### Task instructions:
Skip every picture, and output exactly the lines starting at the one with "Snapshot of kaia_cam" and running through the last line of the material below.

### Data segment:
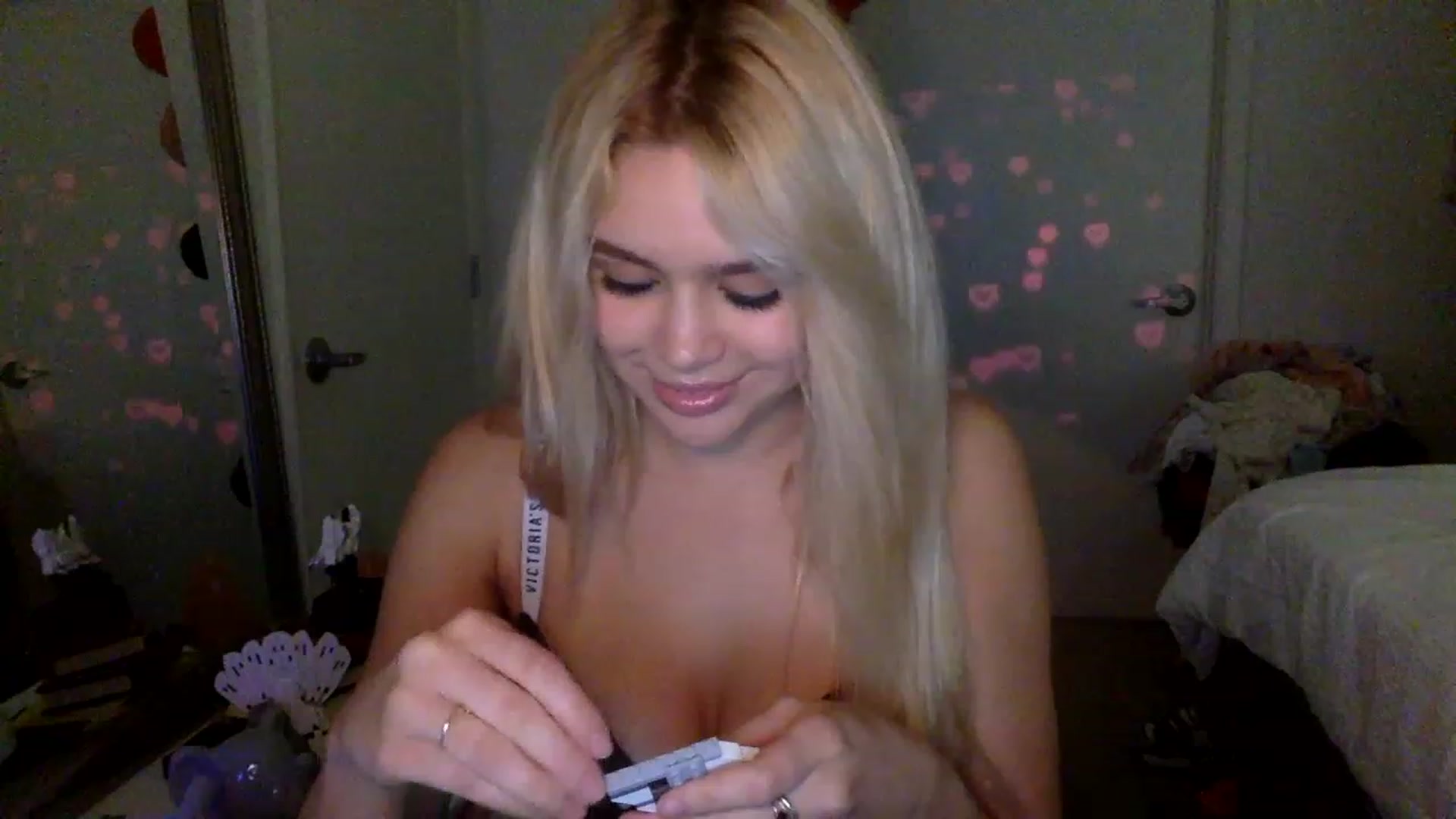 Gallery image thumbnail from sincerelypeny's myfreecams stream on, 01/30/2023, 07:00 image 15 of 20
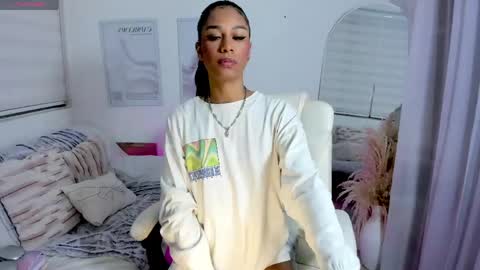 Snapshot of kaia_cam chatting on 04.29.26 online show from 04.29.26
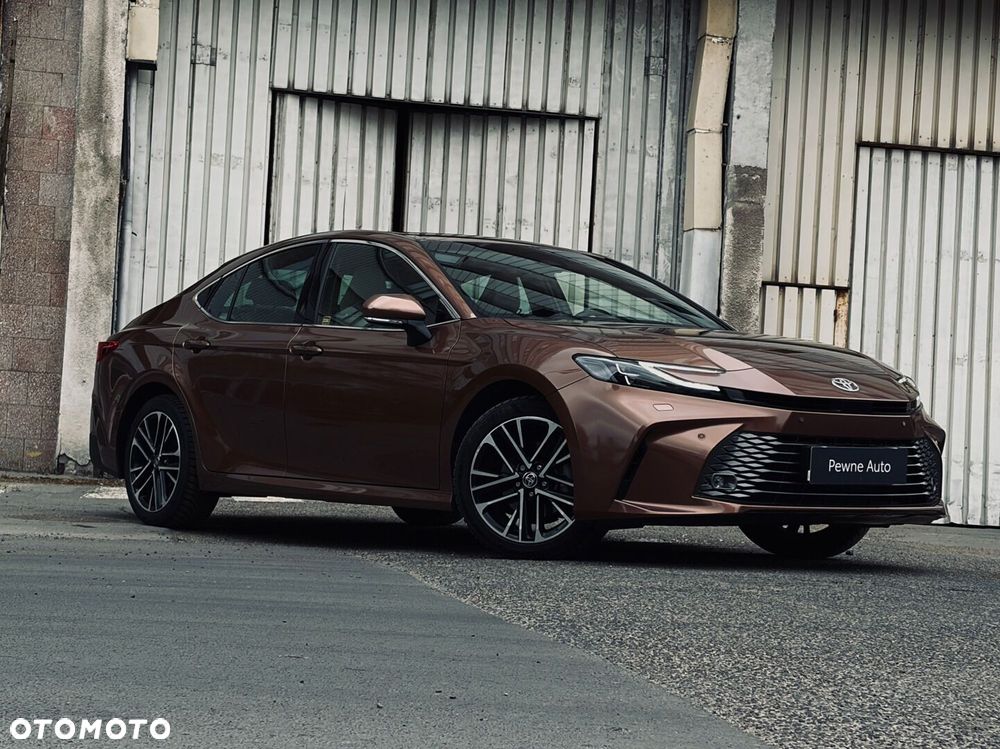 Toyota Camry - 4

### Result of this exercise:
 Snapshot of kaia_cam chatting on 04.29.26 online show from 04.29.26
 Toyota Camry - 4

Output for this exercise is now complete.